*** Opening of Listed entries ***
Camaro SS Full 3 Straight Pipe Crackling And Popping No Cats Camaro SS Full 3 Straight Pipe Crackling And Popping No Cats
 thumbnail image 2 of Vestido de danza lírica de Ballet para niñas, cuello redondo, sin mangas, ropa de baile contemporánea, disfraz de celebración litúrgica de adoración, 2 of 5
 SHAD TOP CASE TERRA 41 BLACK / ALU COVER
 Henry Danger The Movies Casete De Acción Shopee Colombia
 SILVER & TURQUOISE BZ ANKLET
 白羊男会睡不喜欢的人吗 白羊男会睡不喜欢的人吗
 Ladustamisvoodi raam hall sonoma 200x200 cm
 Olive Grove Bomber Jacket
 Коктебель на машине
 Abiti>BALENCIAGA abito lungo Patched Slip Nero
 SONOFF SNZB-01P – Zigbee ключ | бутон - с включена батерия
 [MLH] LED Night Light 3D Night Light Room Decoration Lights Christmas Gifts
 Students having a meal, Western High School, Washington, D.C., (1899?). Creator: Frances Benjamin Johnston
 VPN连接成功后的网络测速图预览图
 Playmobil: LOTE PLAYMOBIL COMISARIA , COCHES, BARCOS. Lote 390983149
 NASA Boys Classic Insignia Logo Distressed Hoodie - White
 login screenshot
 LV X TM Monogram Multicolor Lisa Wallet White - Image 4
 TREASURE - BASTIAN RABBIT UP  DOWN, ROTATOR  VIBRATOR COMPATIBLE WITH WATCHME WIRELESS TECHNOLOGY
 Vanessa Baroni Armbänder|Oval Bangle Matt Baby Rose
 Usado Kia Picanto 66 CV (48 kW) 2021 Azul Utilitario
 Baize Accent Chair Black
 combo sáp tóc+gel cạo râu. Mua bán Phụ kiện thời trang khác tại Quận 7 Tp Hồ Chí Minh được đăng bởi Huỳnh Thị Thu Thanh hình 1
*** Close of Listed entries ***
**Requirement:** Exactly reproduce the lines from the one containing "Students having a" through the end of the records, and only those lines.

**Result of the task:**
 Students having a meal, Western High School, Washington, D.C., (1899?). Creator: Frances Benjamin Johnston
 VPN连接成功后的网络测速图预览图
 Playmobil: LOTE PLAYMOBIL COMISARIA , COCHES, BARCOS. Lote 390983149
 NASA Boys Classic Insignia Logo Distressed Hoodie - White
 login screenshot
 LV X TM Monogram Multicolor Lisa Wallet White - Image 4
 TREASURE - BASTIAN RABBIT UP  DOWN, ROTATOR  VIBRATOR COMPATIBLE WITH WATCHME WIRELESS TECHNOLOGY
 Vanessa Baroni Armbänder|Oval Bangle Matt Baby Rose
 Usado Kia Picanto 66 CV (48 kW) 2021 Azul Utilitario
 Baize Accent Chair Black
 combo sáp tóc+gel cạo râu. Mua bán Phụ kiện thời trang khác tại Quận 7 Tp Hồ Chí Minh được đăng bởi Huỳnh Thị Thu Thanh hình 1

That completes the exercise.